Değerli milletvekilleri, yargıda yaşanan çeteleşme iddialarının dava dosyalarına girerek ete kemiğe büründürüldüğü bir dönemi geçmekteyiz. Mesela, son olarak, uyuşturucuyu özendirmekten tutuklanan bir şarkıcının tahliyesi için yargıdaki bir çetenin 500 bin dolar rüşvet istediği iddia edilmektedir.

(Mikrofon otomatik cihaz tarafından kapatıldı)

BAŞKAN - Buyurun.

SELÇUK ÖZDAĞ (Devamla) - Konu iddia boyutunu aşarak bir operasyona evrilmiş, rüşvet talep eden davaya bakan hâkimin bu talebine aracılık eden avukat rüşvet parasıyla suçüstü yakalanmıştır. Çete üyelerinin itiraf ve ifadelerinde, yargıdaki çeteleşmelerin sadece kendileriyle sınırlı olmadığı, mesela İstanbul-İzmit bölgesine bakan 10 kişilik bir ekibin de benzeri bir çarkın içinde olduğu ifade edilmiştir. Bu kişilerin cezaevine giren varlıklı kişileri tespit ederek bunlara operasyon yaptırıp alıkonulmalarının sağlandığı, tutuklandığı ve cezaevine gönderildiği, ardından da 500 bin dolar, 700 bin dolar gibi miktarlarla kendilerini kurtardıkları itiraflarından ve dava dosyalarından anlaşılmaktadır. Tüm bu yaşananlara baktığımızda, Adalet Bakanı ve iktidar sözcülerinin mutat hâle getirdikleri hukukun üstünlüğüne, yargının tarafsız ve bağımsız olduğuna yönelik açıklamalarının komik olmayan bir şaka olduğu su götürmez bir hakikat olsa gerektir.

(Mikrofon otomatik cihaz tarafından kapatıldı)
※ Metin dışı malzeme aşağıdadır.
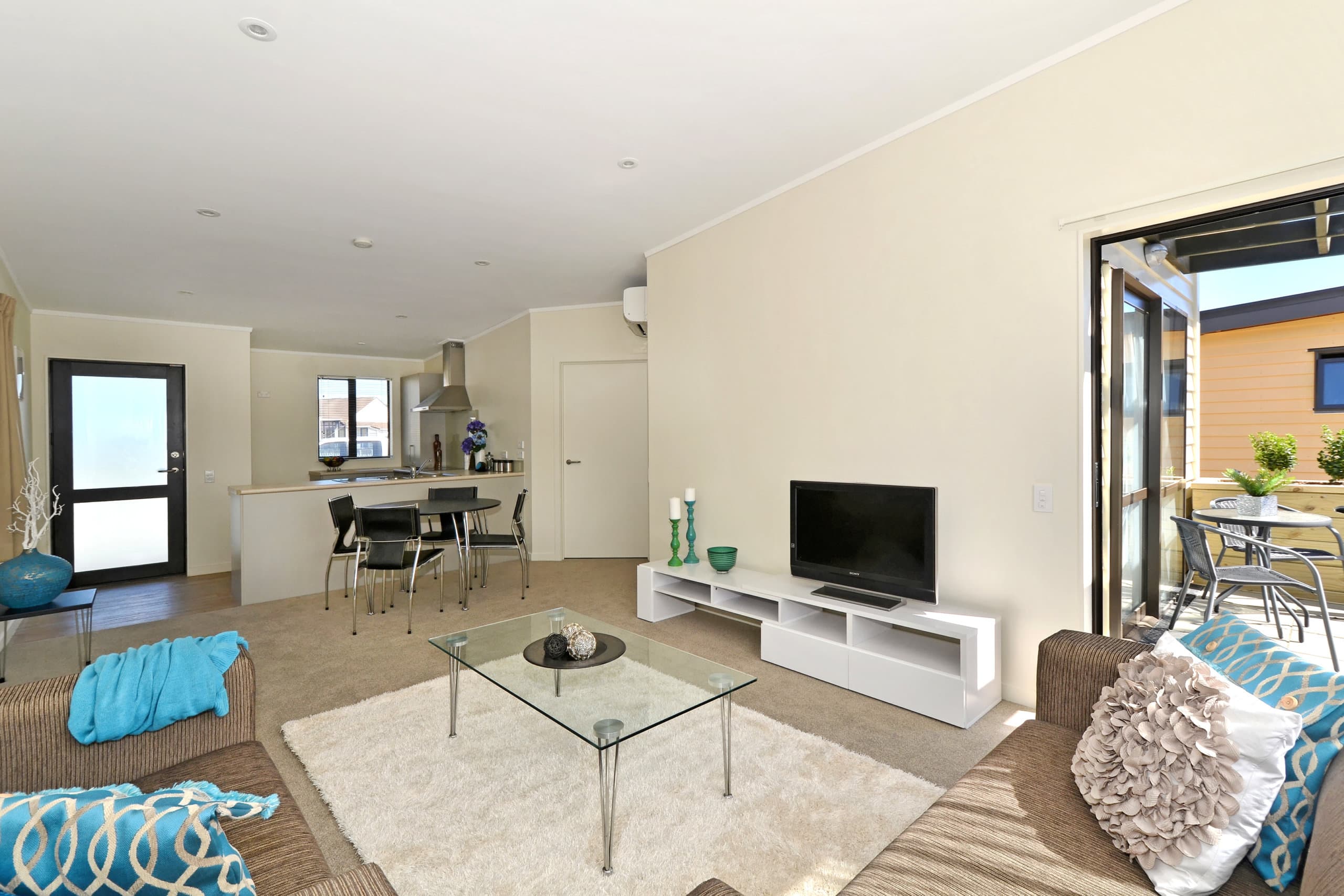 Nikau villa Woodlands retirement village lounge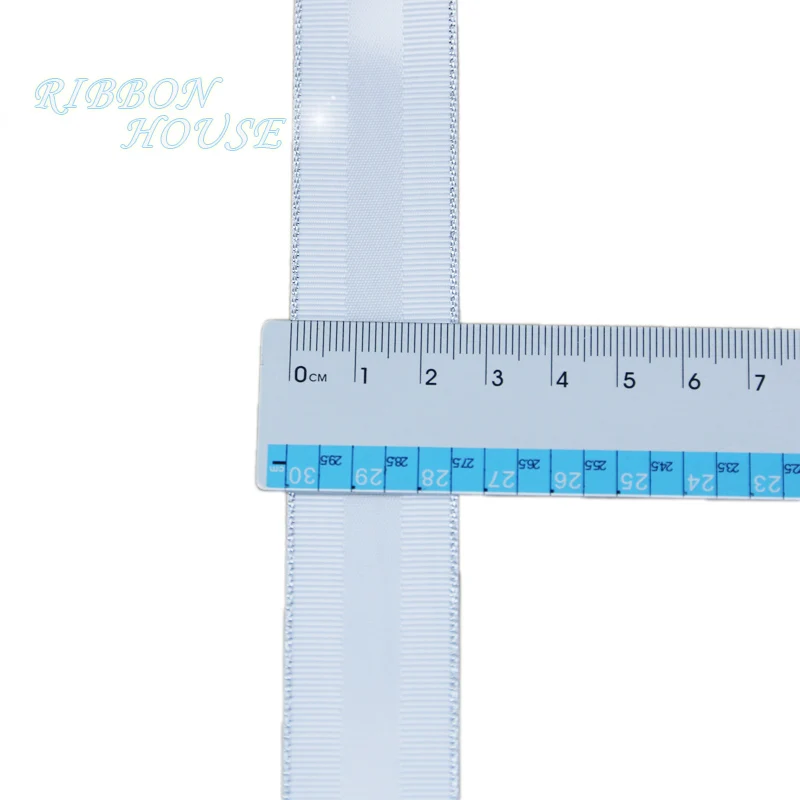 5 м/лот) Шелковая серебристый край атласная лента тканевые ленты подарок на год свадебные ремесла(25/38 мм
SELÇUK ÖZDAĞ (Devamla) - Bu bağlamda, Türkiye'nin hukukun üstünlüğü ve güven ilkesini tam anlamıyla benimsemesi ve uygulaması için mevcut durumunu iyileştirecek adımların atılması gerekmektedir. Tüm bu gerekçeler dikkate alındığında yargının etki altında bırakılarak adaletin tesis edilmesine mani olunduğu, bunun yarattığı hukuksuzluklarla vatandaşların yargıya olan güvenlerinin sarsıldığı görülmüştür.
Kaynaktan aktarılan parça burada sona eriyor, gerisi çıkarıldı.